Never underestimate the power of good documentation. When I arrived, Jeff presented to me a document that detailed daily, weekly and occasional tasks. With that document in hand, I could quickly master the basics of my job. When I had a question, I could refer back to the document and get it answered.

That simple document empowered me. I didn’t have to be dependent of Jeff for every single bit of information. It reduced the number of awkward “Wait…tell me how I’m supposed to do this again?” conversations we had to have. It set me up to have early successes, too. I felt good about myself and my new role when I was able to come in on day two and actually perform some meaningful work, thanks to the documentation.

Because I didn’t have to struggle with learning all these new basic processes, I’ve been able to get my feet on the ground and tackle other bigger projects pretty quickly. My mental resources haven’t been drained by these basic tasks.

The lesson here for leaders is simple: as much as possible, document what it is that you do. Jeff launched Buzz, and has grown and managed it solo for five years. I’m sure it’s been tempting for him to put off documenting his regular tasks because it takes so much time – a resource that’s been in short supply for him. But by taking the time to document what he was doing, he made it possible to share his load. That’s an investment that will pay off for Jeff, for me, and for Buzz in the long run.

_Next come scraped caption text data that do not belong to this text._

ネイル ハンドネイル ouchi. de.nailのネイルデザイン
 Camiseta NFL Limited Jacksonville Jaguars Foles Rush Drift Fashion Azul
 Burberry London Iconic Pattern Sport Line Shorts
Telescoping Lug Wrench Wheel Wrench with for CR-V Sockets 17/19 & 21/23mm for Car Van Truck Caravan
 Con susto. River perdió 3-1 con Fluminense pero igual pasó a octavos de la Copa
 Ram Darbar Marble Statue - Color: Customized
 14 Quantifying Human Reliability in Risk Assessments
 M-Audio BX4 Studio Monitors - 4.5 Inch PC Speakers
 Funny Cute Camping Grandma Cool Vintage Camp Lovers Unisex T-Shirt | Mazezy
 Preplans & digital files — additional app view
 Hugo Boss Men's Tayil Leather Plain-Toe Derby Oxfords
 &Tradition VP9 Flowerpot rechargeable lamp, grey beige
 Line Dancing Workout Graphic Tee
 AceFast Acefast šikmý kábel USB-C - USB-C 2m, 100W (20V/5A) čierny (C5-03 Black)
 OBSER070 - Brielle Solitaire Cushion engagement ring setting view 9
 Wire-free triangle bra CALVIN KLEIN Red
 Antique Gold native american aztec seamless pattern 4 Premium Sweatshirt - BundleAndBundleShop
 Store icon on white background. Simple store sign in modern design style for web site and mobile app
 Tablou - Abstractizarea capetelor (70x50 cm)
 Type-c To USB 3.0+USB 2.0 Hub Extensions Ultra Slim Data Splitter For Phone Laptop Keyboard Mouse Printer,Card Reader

Community takes courage. My first few days on the job, I was surprised at just how much I saw people sharing. Why would people share so much – personally and professionally – on an enterprise social network? I quickly came to the conclusion that people share so much because they trust their colleagues, and they trust this organization. They feel safe.

It also takes courage and maturity for an organization to truly embrace community. Associates might say things that are uncomfortable to hear. They might voice truths unartfully. They might even voice untruths.

But the reality is those things are going to get said anyway, whether it is in an online community, in an email, or in a water cooler conversation. Isn’t it better to have those conversations in the open, where others can benefit from the discussion?

It speaks volumes to me that Humana is willing to provide this type of platform for engagement, and that so many Humana associates embrace it.

I’m delighted to be part of this team and this organization. And most of all, I’m thrilled to play a small part in shaping a 42,000-member community.